In its attacks, Anonymous often employs a piece of public domain software dubbed LOIC, or “low orbit ion cannon,” named after a fictional weapon in the Command & Conquer real-time strategy video game series. LOIC was originally designed to help network admins stress test whether a network can fend off what’s called a distributed denial of service attack, or DDoS. In a DDoS attack, someone attempts to overwhelm another computer by spamming it with data requests. If the computers that serve a given website to the public can’t keep up with those requests, they start to stutter and occasionally crash entirely.

Anonymous allegedly trained its LOIC on several music and entertainment industry-related websites last week after the DOJ shut down MegaUpload and arrested several of the file sharing company’s employees (four more were arrested by New Zealand police at various locations near the city of Auckland). Anonymous targeted 10 websites in all, including justive.gov (the DOJ), fbi.gov (the FBI), MPAA.org (the Motion Picture Association of America), RIAA.org (the Recording Industry of America) and copyright.gov (the U.S. Copyright Office).
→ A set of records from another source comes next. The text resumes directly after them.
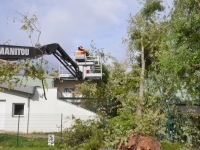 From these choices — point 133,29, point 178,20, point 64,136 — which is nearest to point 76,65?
point 133,29

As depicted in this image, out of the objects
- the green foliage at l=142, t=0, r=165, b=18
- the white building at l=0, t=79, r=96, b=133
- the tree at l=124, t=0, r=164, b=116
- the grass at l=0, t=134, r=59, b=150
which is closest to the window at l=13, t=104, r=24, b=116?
the white building at l=0, t=79, r=96, b=133

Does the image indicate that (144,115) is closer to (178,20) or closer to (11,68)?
(178,20)

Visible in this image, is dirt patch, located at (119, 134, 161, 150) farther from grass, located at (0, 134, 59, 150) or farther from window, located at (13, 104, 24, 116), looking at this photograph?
window, located at (13, 104, 24, 116)

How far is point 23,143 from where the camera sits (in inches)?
602

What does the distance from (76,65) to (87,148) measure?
7192mm

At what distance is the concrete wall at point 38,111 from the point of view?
2045 centimetres

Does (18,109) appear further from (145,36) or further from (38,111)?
(145,36)

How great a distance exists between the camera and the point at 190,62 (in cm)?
1206

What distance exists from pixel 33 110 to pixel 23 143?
611 cm

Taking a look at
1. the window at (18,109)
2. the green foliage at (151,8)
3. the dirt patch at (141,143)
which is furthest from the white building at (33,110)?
the dirt patch at (141,143)

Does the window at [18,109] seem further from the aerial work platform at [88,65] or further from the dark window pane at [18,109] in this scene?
the aerial work platform at [88,65]

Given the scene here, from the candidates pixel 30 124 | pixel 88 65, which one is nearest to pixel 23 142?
pixel 30 124

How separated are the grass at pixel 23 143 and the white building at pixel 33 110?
3.78 m

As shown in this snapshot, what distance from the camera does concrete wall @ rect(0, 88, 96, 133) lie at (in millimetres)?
20453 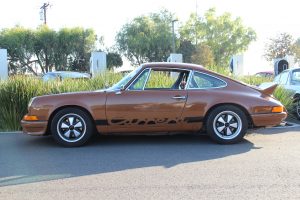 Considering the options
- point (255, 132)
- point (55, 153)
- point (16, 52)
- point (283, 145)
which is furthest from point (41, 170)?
point (16, 52)

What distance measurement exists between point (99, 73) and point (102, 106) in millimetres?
4740

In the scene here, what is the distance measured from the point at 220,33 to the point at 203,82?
2287 inches

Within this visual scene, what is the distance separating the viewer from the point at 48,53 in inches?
1751

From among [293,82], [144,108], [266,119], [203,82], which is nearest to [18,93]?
[144,108]

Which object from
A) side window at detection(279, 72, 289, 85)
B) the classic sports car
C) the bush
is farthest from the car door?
side window at detection(279, 72, 289, 85)

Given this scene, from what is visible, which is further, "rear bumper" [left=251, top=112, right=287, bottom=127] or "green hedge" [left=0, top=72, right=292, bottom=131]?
"green hedge" [left=0, top=72, right=292, bottom=131]

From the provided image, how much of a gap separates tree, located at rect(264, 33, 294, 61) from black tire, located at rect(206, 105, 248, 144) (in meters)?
48.7

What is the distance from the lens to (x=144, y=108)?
7.67 m

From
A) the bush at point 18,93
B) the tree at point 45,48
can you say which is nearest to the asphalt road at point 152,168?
the bush at point 18,93

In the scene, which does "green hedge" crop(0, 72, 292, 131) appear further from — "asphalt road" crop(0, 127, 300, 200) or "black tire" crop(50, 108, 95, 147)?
"black tire" crop(50, 108, 95, 147)

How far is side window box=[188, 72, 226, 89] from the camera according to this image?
792 centimetres

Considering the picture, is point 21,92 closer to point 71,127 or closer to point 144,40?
point 71,127

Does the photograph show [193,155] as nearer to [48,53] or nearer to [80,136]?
[80,136]

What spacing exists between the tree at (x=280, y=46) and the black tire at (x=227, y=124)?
48722mm
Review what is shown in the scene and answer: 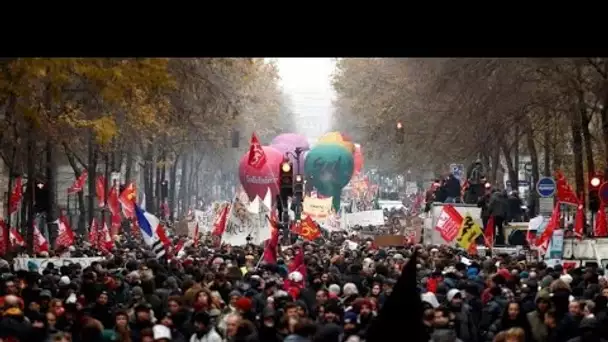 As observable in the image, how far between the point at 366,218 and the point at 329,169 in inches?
1096

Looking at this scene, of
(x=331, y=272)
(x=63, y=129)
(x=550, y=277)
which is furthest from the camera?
(x=63, y=129)

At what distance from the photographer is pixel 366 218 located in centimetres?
6212

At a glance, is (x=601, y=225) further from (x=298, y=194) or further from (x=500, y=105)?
(x=298, y=194)

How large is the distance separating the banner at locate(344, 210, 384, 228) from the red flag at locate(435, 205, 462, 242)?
25231 millimetres

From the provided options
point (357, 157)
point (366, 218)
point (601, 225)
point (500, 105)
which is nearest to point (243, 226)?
point (500, 105)

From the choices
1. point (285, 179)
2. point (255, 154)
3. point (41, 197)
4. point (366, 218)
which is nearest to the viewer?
point (285, 179)

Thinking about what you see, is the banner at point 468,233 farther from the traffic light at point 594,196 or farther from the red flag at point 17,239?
the red flag at point 17,239

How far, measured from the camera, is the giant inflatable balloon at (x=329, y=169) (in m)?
89.8

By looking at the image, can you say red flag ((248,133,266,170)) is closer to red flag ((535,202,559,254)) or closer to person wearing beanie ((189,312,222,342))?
red flag ((535,202,559,254))

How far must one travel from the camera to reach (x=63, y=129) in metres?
37.1

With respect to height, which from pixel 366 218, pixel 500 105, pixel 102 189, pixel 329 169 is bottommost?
pixel 366 218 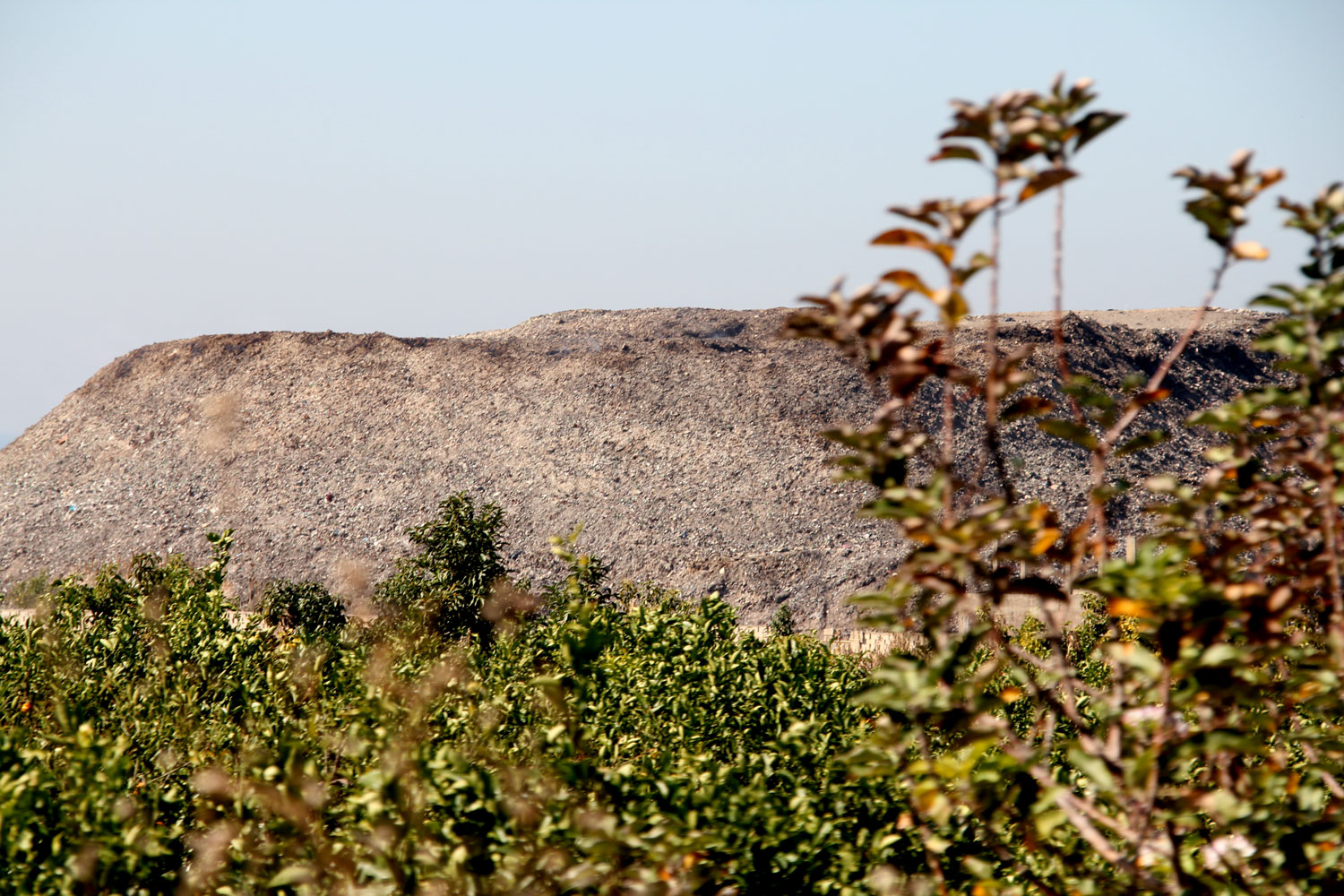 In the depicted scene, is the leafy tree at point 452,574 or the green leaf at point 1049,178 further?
the leafy tree at point 452,574

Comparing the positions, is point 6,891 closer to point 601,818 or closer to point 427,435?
point 601,818

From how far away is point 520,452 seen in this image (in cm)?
2142

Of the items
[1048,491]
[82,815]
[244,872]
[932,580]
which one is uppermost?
[932,580]

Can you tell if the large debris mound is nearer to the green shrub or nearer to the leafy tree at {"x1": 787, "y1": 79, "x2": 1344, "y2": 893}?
the green shrub

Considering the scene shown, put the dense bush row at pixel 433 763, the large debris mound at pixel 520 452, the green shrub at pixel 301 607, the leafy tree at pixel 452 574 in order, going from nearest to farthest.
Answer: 1. the dense bush row at pixel 433 763
2. the leafy tree at pixel 452 574
3. the green shrub at pixel 301 607
4. the large debris mound at pixel 520 452

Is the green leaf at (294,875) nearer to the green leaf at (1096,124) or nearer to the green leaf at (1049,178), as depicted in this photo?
the green leaf at (1049,178)

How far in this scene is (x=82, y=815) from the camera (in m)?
2.17

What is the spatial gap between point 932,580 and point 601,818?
0.85m

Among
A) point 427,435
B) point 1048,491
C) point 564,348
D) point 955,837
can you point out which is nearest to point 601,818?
point 955,837

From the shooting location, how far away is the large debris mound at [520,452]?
17.8 meters

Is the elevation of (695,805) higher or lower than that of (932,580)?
lower

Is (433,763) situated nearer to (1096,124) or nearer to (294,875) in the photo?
(294,875)

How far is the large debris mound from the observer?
1780cm

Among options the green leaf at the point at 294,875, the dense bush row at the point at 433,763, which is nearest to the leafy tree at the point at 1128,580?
the dense bush row at the point at 433,763
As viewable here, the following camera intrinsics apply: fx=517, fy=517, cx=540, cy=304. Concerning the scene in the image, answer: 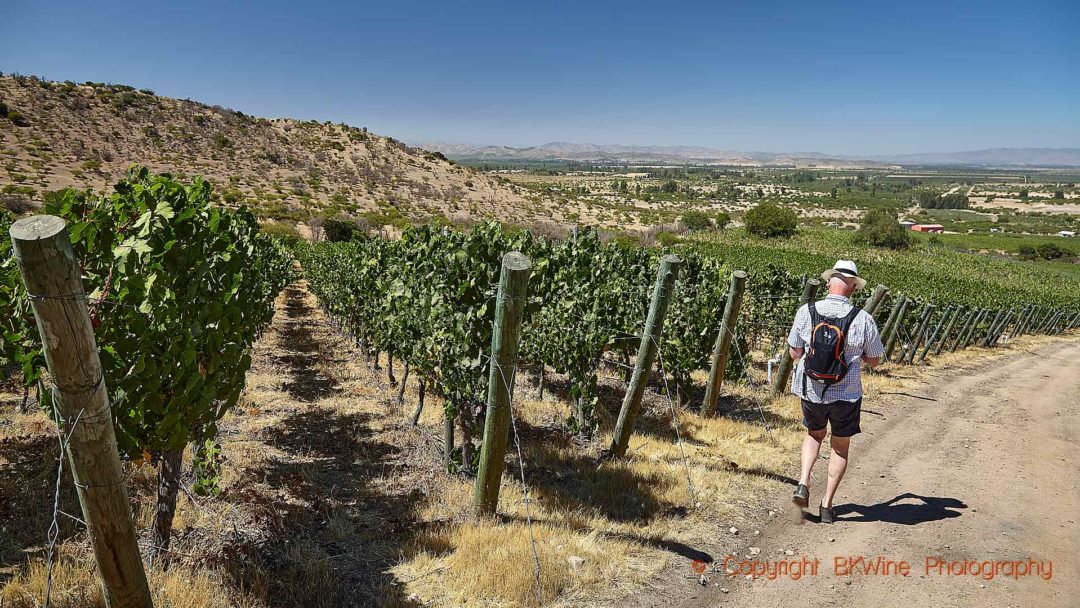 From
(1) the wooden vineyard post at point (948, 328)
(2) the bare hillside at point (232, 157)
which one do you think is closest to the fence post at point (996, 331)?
(1) the wooden vineyard post at point (948, 328)

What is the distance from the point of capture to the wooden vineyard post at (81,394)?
2084mm

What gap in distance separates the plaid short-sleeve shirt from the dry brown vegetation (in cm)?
146

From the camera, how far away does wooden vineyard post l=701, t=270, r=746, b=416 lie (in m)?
6.98

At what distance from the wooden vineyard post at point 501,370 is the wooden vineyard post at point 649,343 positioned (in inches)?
79.0

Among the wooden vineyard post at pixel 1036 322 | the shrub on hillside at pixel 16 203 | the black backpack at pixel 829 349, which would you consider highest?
the shrub on hillside at pixel 16 203

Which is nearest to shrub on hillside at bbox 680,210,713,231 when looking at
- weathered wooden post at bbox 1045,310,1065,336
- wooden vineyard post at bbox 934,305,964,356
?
weathered wooden post at bbox 1045,310,1065,336

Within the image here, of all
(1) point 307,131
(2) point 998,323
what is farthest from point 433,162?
(2) point 998,323

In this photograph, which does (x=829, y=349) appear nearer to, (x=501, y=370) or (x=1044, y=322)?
(x=501, y=370)

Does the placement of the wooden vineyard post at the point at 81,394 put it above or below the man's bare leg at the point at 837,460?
above

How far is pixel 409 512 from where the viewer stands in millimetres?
4910

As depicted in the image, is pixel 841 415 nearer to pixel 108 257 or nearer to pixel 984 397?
pixel 108 257

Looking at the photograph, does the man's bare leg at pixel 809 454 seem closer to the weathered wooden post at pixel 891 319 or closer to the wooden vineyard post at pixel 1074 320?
the weathered wooden post at pixel 891 319

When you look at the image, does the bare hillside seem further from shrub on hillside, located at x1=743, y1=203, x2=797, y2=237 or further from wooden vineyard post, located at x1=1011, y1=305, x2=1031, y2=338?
wooden vineyard post, located at x1=1011, y1=305, x2=1031, y2=338

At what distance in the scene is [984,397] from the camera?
33.6ft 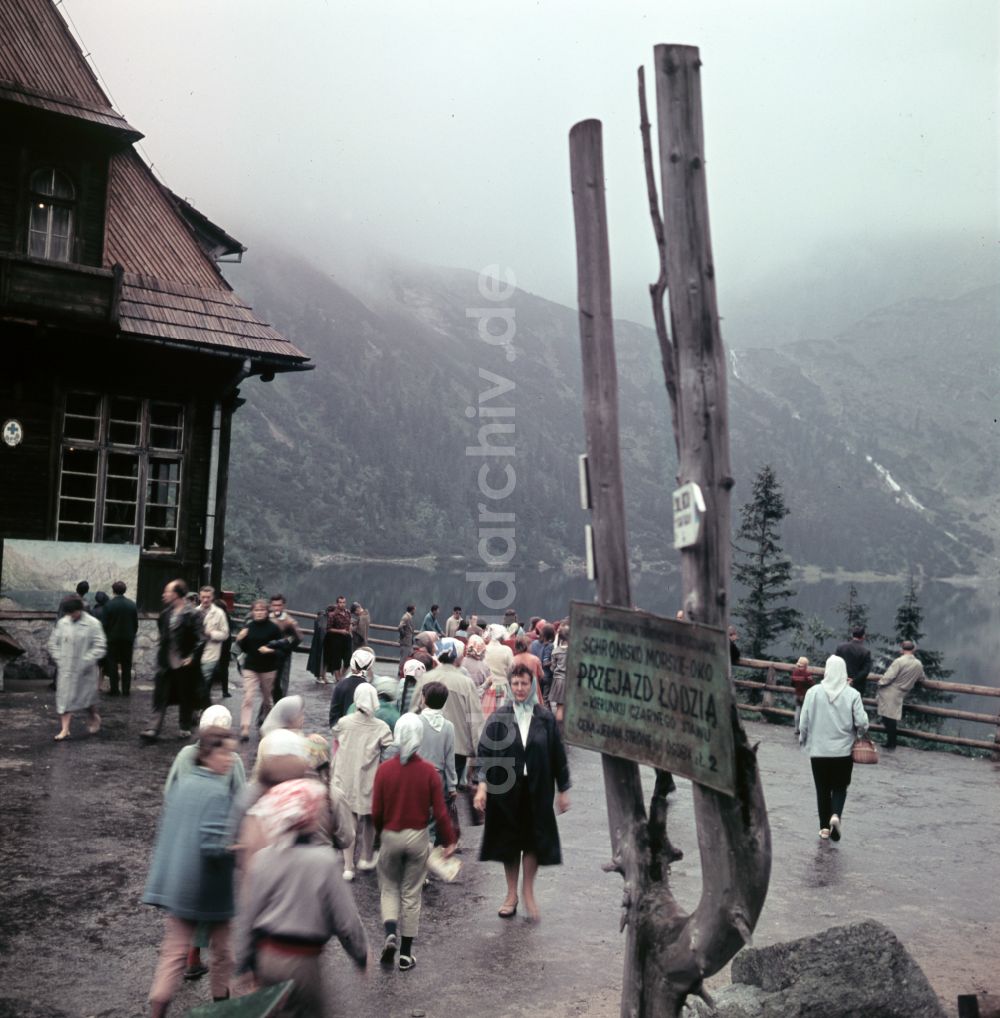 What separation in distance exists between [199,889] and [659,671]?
2.73 metres

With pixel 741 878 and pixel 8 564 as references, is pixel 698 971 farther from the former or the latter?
pixel 8 564

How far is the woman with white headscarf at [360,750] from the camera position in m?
8.41

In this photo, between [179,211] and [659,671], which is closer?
[659,671]

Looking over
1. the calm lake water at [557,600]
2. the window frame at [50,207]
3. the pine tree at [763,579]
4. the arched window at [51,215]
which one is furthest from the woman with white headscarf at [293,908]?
the calm lake water at [557,600]

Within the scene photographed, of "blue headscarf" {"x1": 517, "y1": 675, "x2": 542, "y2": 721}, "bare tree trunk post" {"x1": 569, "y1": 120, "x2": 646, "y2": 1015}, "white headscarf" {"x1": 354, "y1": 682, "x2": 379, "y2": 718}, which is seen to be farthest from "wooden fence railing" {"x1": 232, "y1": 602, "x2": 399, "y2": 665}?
"bare tree trunk post" {"x1": 569, "y1": 120, "x2": 646, "y2": 1015}

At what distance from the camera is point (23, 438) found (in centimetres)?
1844

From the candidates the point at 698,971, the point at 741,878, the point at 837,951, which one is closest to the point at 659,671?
the point at 741,878

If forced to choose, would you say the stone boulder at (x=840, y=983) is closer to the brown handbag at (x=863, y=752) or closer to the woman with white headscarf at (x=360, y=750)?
the woman with white headscarf at (x=360, y=750)

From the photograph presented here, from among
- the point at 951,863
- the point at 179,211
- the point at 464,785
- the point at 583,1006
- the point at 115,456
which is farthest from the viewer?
the point at 179,211

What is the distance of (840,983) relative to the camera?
19.5 ft

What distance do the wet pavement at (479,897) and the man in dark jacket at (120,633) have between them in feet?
8.14

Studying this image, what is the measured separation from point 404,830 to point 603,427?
3233 mm

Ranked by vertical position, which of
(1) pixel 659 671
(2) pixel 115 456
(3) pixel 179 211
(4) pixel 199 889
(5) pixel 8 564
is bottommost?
(4) pixel 199 889

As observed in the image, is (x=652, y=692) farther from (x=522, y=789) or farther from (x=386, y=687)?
(x=386, y=687) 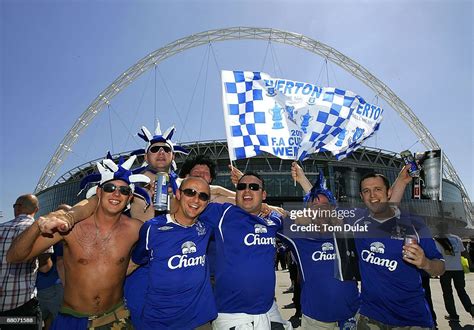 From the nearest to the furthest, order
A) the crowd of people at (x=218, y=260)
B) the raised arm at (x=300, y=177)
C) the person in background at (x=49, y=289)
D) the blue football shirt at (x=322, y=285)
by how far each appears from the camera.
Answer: the crowd of people at (x=218, y=260) < the blue football shirt at (x=322, y=285) < the raised arm at (x=300, y=177) < the person in background at (x=49, y=289)

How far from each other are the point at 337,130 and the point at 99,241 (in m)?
6.40

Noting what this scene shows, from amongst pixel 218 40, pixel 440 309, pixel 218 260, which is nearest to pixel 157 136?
pixel 218 260

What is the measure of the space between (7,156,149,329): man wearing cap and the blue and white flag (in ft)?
13.3

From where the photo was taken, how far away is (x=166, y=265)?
13.1 ft

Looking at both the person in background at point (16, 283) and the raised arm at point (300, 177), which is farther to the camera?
the raised arm at point (300, 177)

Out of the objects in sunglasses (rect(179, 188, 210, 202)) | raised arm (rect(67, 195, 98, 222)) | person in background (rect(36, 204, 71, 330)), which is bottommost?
person in background (rect(36, 204, 71, 330))

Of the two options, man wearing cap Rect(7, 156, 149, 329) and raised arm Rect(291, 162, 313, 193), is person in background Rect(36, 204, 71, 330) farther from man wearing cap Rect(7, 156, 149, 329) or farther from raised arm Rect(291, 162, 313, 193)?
raised arm Rect(291, 162, 313, 193)

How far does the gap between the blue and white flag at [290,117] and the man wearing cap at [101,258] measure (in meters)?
4.07

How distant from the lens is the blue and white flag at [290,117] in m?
8.27

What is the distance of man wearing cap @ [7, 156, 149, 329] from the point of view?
13.3ft

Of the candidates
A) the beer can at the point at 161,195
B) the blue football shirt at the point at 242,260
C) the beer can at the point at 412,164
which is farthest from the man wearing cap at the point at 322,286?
the beer can at the point at 161,195

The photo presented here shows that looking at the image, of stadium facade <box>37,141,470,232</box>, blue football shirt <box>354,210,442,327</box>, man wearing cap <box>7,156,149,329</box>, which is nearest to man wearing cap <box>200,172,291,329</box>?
man wearing cap <box>7,156,149,329</box>

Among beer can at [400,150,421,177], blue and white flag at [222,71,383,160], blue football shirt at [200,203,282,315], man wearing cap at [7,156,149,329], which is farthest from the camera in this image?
blue and white flag at [222,71,383,160]

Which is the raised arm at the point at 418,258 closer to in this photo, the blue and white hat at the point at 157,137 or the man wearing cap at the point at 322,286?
the man wearing cap at the point at 322,286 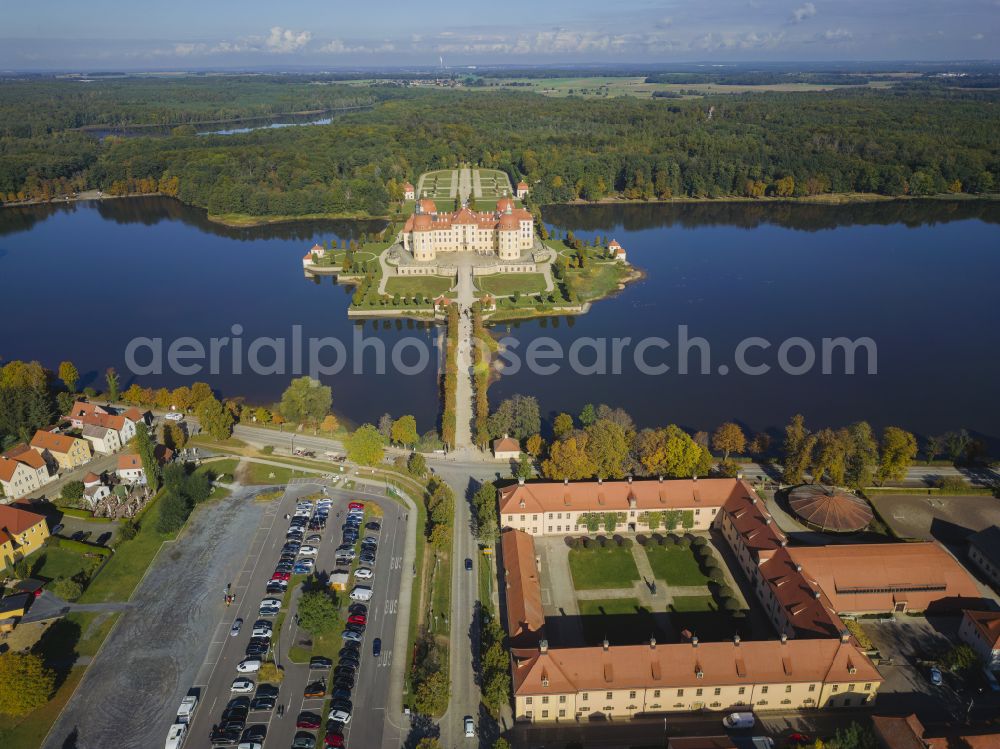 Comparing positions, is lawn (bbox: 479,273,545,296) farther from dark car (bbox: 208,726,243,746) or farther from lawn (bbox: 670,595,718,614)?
dark car (bbox: 208,726,243,746)

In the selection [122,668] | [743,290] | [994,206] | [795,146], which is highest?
[795,146]

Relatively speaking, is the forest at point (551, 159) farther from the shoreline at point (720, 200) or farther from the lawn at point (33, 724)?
the lawn at point (33, 724)

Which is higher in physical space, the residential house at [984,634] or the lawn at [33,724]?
A: the residential house at [984,634]

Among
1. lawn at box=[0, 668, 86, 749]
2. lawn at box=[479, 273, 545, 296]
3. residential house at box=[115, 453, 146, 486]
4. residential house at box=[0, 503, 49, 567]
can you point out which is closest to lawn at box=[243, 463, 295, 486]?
residential house at box=[115, 453, 146, 486]

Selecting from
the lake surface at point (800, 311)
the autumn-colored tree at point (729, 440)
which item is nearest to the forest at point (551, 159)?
the lake surface at point (800, 311)

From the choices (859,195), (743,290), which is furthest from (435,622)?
(859,195)

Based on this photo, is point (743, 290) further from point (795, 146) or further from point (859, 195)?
point (795, 146)

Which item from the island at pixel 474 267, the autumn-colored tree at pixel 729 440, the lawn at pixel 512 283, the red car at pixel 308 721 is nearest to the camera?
the red car at pixel 308 721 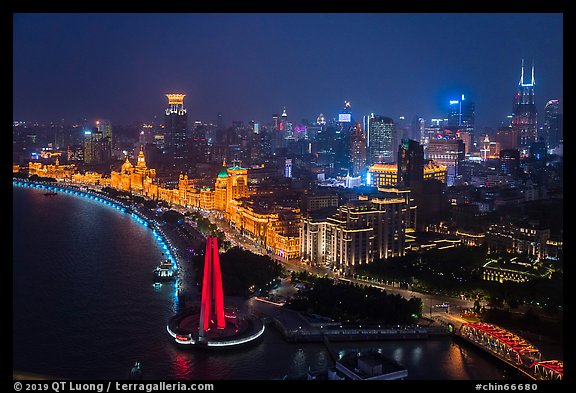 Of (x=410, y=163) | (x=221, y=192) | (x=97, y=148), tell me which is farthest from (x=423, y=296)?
(x=97, y=148)

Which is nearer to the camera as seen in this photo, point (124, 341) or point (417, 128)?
point (124, 341)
But this time, the group had help: If you clicked on links handed out by Anonymous during the attacks, you may have added your own hand to the blitz.

Here’s how it works: Someone creates a website running code (usually Javascript, says security researcher Imperva) that redirects visitors to one of the target websites, say for the DOJ or FBI or U.S. Copyright Office. Anonymous (and others) then distribute those links during the attack period. Anyone clicking on them is automatically redirected to one of the sites designated for attack, then repeatedly hammers the target site with requests until the webpage is closed.

A less surreptitious version of this tool serves up web pages that allow Anonymous supporters to participate in the attacks by simply typing in the network information of a target computer — all you need is a browser and the computer’s IP address and you’re in business. Call this the “junior Anonymous member” option.

If you clicked one of these links and unwittingly launched a personal salvo last week, are you guilty of criminal activity? Surely not, but the safe bet — and it ought to be common sense in any case — is to avoid clicking random links in general, especially if you’re not sure where they go.